By Kathryn Winiarski
Copyright 1998 USA Today
September 29, 1998


An unexplained pattern of illnesses has been found in hundreds of people living near the nation's nuclear facilities, The Nashville Tennessean reports today.

At least 410 people living near or working at 13 nuclear weapons plants and research facilities across the country suffer from respiratory, neurological and immune system problems, according to the newspaper, which published its findings in an eight-page, 20-story package.

In 1997, The Tennessean found scores of people suffering from similar unexplained illnesses around the Oak Ridge nuclear reservation in the eastern part of the state. As a result of the newspaper's stories, the U.S. Centers for Disease Control and Prevention, the nation's premier disease tracking agency, began investigating. So far, the CDC has found severe respiratory problems in a third of the children living closest to the reservation.

This year, the newspaper broadened its reporting.

Evidence linking the ill people at the 12 other nuclear facilities is anecdotal, The Tennessean said. In a year-long investigation, its reporters found ill residents and workers in Tennessee, Colorado, South Carolina, New Mexico, Idaho, New York, California, Ohio, Kentucky, Texas and Washington.

The U.S. Department of Energy (DOE), which oversees the plants, said there is no scientific evidence that toxic contaminants from the facilities caused the chronic illnesses.

Only in rare cases did the sites release quantities of hazardous substances large enough to harm people, DOE officials said.

"Not only the people around DOE sites, but also the workers, typically haven't received those kinds of doses," Peter Brush, DOE's top health official, told The Tennessean.

Brush said DOE officials will review the national health complaints raised by The Tennessean. If disease clusters are found, the DOE could urge the CDC to begin a study.

The sick people contend their ailments are too similar and mysterious to have stemmed from anything other than long-term, low-level exposure to chemicals and radioactive elements from nuclear weapons sites. And they want the government to pay for treatment by medical specialists -- a move Brush said is prohibited by Congress unless a "plausible connection" to government contamination is found.

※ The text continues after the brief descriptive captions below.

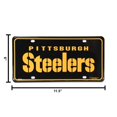 thumbnail image 4 of Plaque d'Immatriculation en Métal Noir Pittsburgh Steelers, 4 of 8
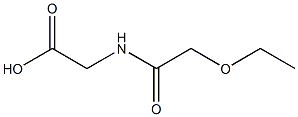 2-(2-ethoxyacetamido)acetic acid 구조식 이미지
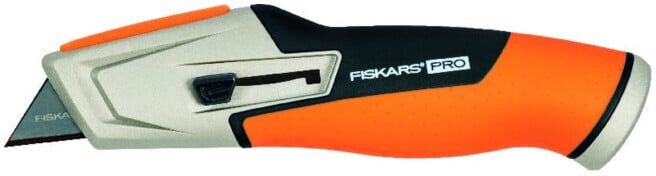 Fiskars Couteau universel lame rétractable CarbonMax (1027223)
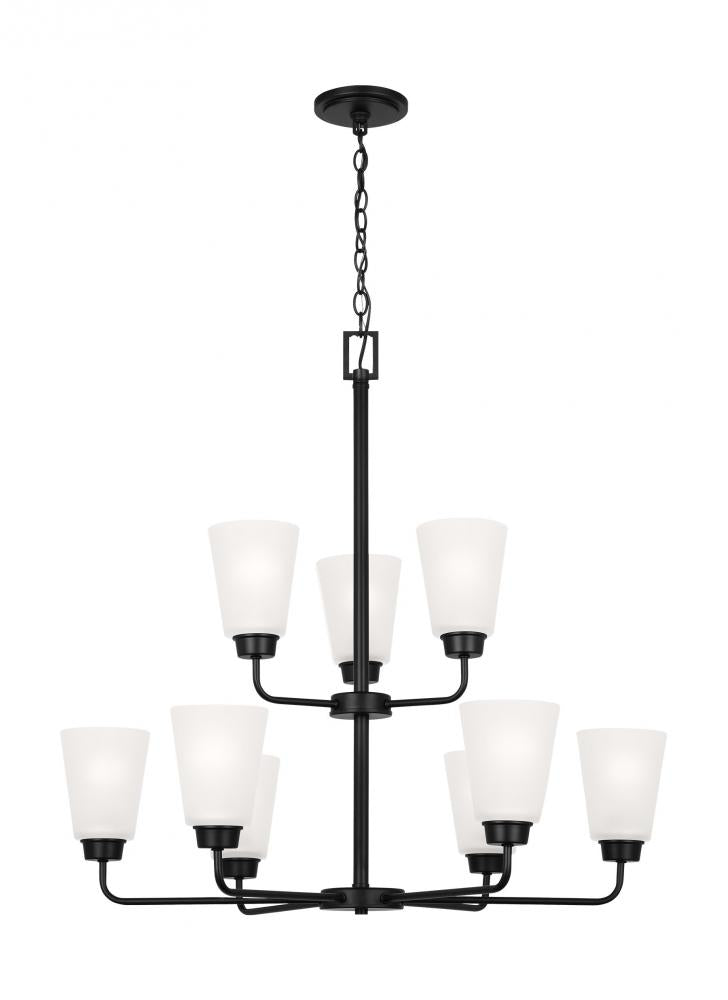 Generation Lighting 3115209EN3-112 Kerrville Nine Light Chandelier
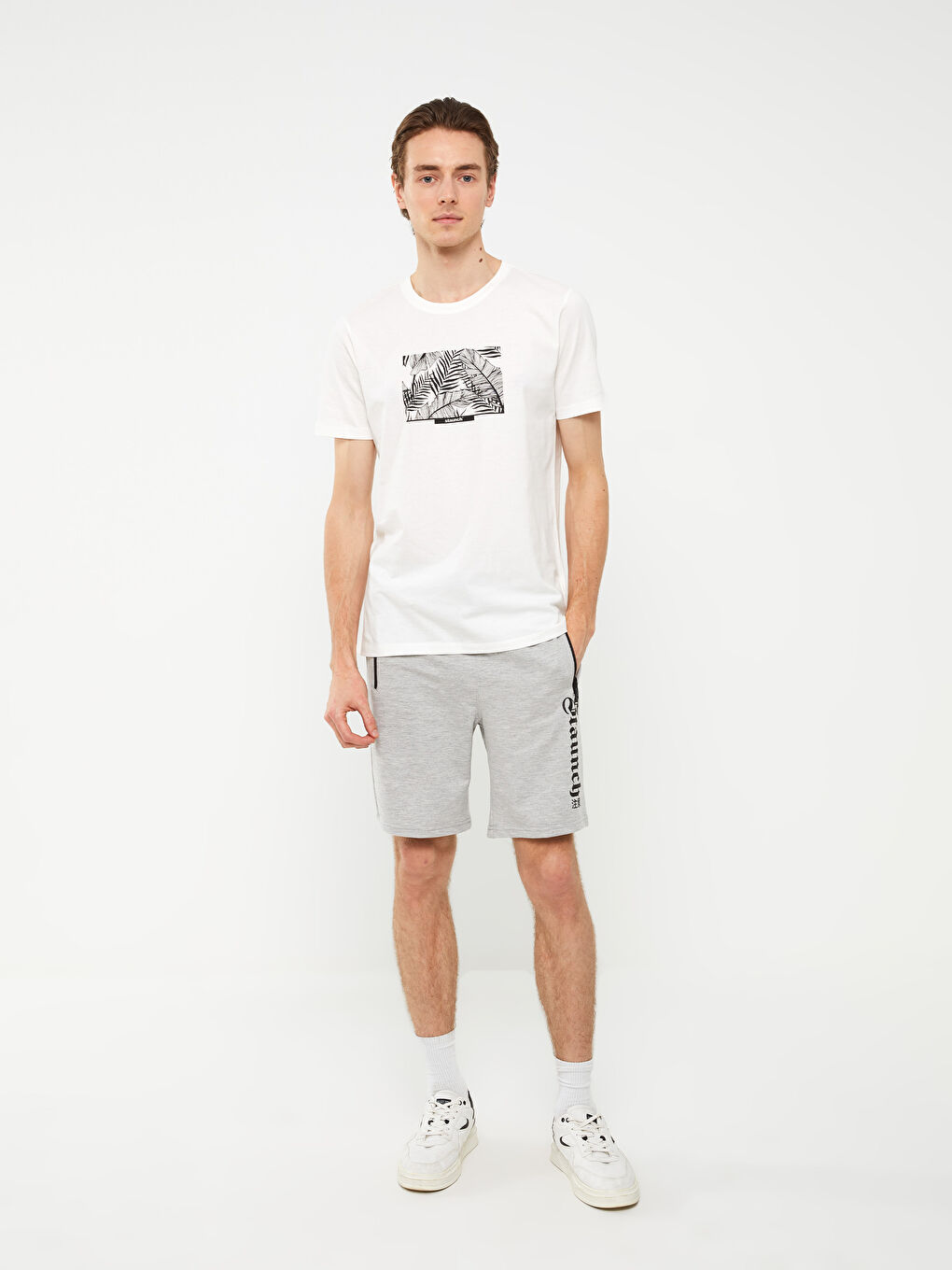 Crew Neck Short Sleeve Printed Combed Cotton Men's T-shirt-2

Other experts quoted by The Tennessean believe further investigation is warranted.

"Four hundred people is a lot of people," said George Lucier, director of the environmental toxicology program at the National Institute of Environmental Health Sciences, part of the National Institutes of Health. "It is something widespread. . . . At least the wheels should be set in motion in which a team of physicians can go in and look at things more systematically."

Many of the ill people interviewed by The Tennessean worked at nuclear weapons production complexes opened during World War II or the Cold War. The facilities housed radioactive elements such as plutonium and cesium; PCBs, which are suspected carcinogens; and toxic metals like lead.

"People need help," said Donzettia Hill, 43, who was an office manager at the Oak Ridge nuclear reservation in East Tennessee until she became too ill to work. "We can't wait until it's too late."

According to The Tennessean, a report is expected later this year from medical experts hired by the Energy Department to review health records of about 50 ill Oak Ridge workers.

While the bulk of those living near nuclear sites remain healthy, the government has conceded to environmental contamination and launched billion-dollar cleanups.

But proving whether such contamination is linked to illnesses is difficult. Everyone comes to the table with a range of medical, occupational and environmental histories that cloud the picture of how and why they fell ill, experts say.

"Establishing an association between exposures to environmental hazards and chronic diseases is a complex area of scientific investigation," CDC Deputy Director Claire Broome told the newspaper. But it is necessary to continue attempts "to detect and investigate health problems that may be associated with hazardous exposures."